#### [WHAT IS BEING ASKED]
Below are the records; copy exactly the lines from the first through the one containing "Lit bébé évolutif", both included, and leave out the pictures.

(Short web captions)
[Start of section]
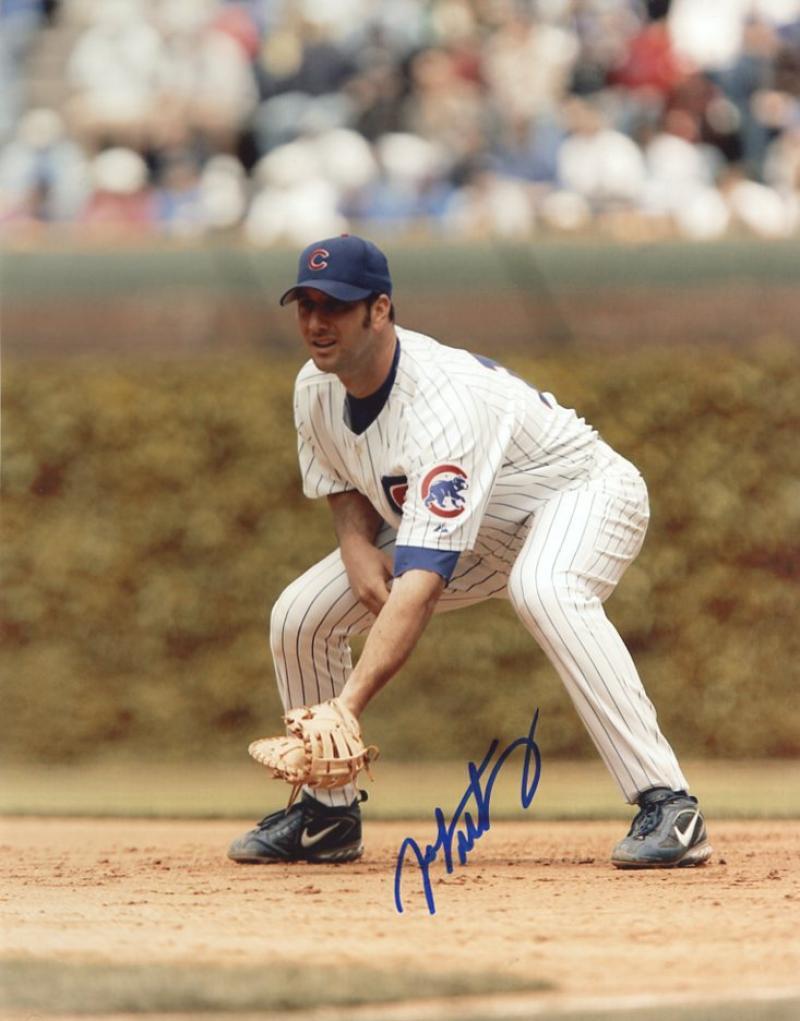 JOHN MABRY 1ST BASE CHICAGO CUBS SIGNED AUTOGRAPHED 8X10 PHOTO W/COA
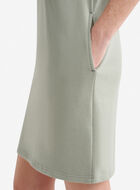 Robe &agrave; manches courtes et demi-glissi&egrave;re en jersey bouclette Cooper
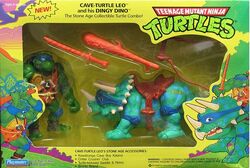 Cave Turtle Leo and his Dingy Dino (1992 action figure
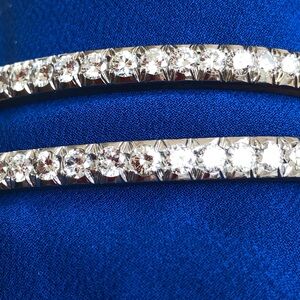 Vintage Diamond, platinum and Gold Bracelets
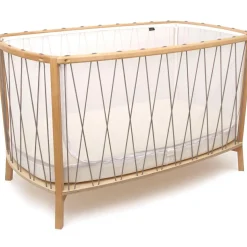 Lit bébé évolutif Kimi Organic V2 Hazelnut (60 x 120 cm)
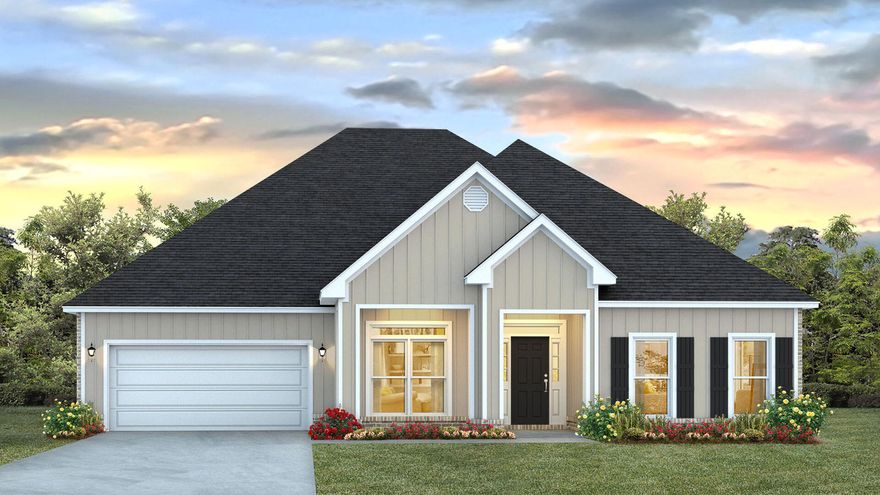 Welcome to 769 Old Ferry Road, a new home at Holley Grove at Peach Creek in Santa Rosa Beach, Florida. This is under construction and features the Mckenzie floorplan. This floorplan has a welcoming foyer that leads you past the appointed formal dining room and a sizable study. As you enter the grand family room, you will notice the seamless transition with EVP flooring flowing through the home. The open concept design of this home offers functionality and warmth, and the trey ceilings lend to the sense of high ceilings.  The kitchen is the heart of this home and has been designed with a center island, that has space for seating as well as lower cabinetry and a sink and dishwasher, allowing for easy meal prep and clean up. Additional features include quartz countertops, white cabinetry, and a tile backsplash. A dedicated hallway connects the kitchen to the dining room, ensuring seamless service during meals. 
  
The primary bedroom has trey ceilings and features a luxurious ensuite with a separate tile shower, soak tub, and dual-sink vanity, complemented by a spacious walk-in closet. The home's thoughtful layout places two guest bedrooms near the kitchen and an additional two near the foyer, each pair sharing a well-appointed bathroom. 
  
Additional conveniences include a large laundry room. This home also has access to water at the back of the property. With its elegant design and sunlit interiors. 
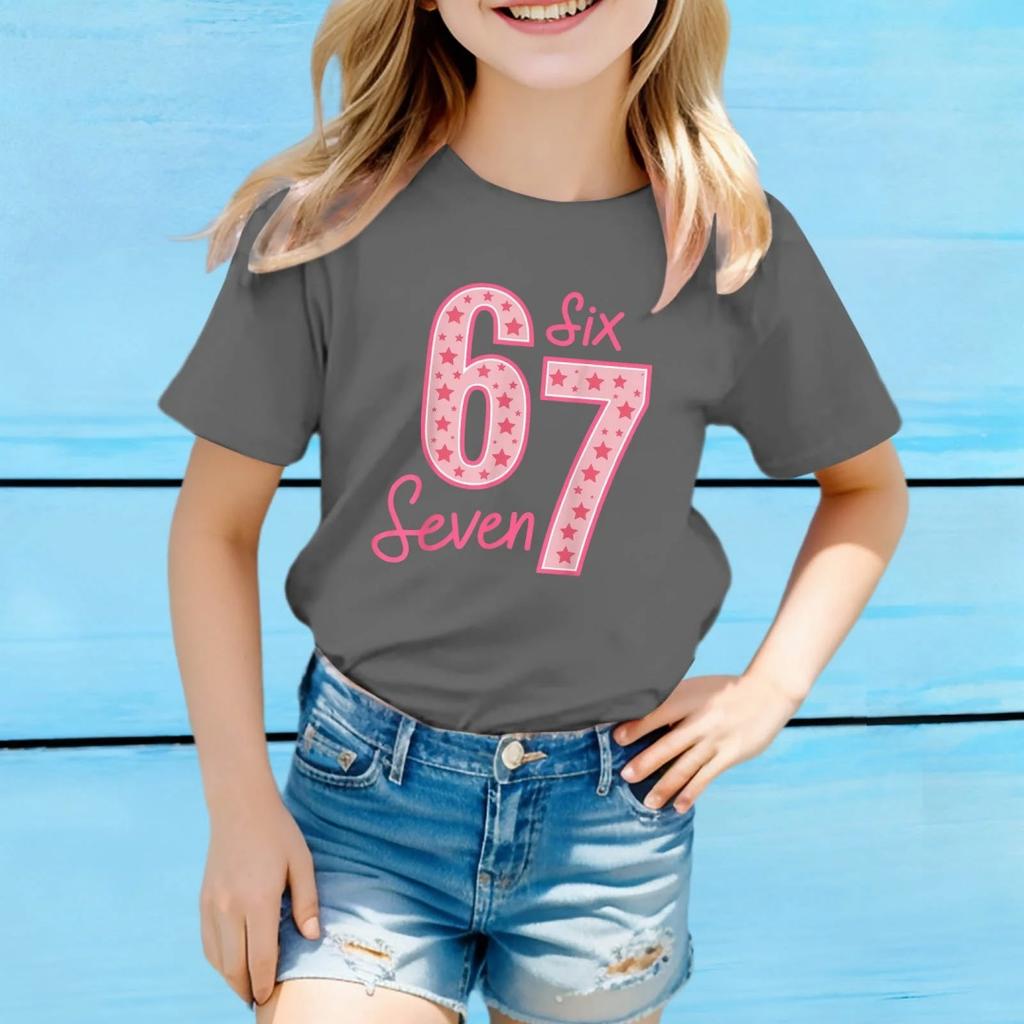 Fashion for Kids Girls Top Fashion Casual Children's Loose Comfortable Tee Clothing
[End of section]
#### [COMPLETED TASK]
 JOHN MABRY 1ST BASE CHICAGO CUBS SIGNED AUTOGRAPHED 8X10 PHOTO W/COA
 Robe &agrave; manches courtes et demi-glissi&egrave;re en jersey bouclette Cooper
 Cave Turtle Leo and his Dingy Dino (1992 action figure
 Vintage Diamond, platinum and Gold Bracelets
 Lit bébé évolutif Kimi Organic V2 Hazelnut (60 x 120 cm)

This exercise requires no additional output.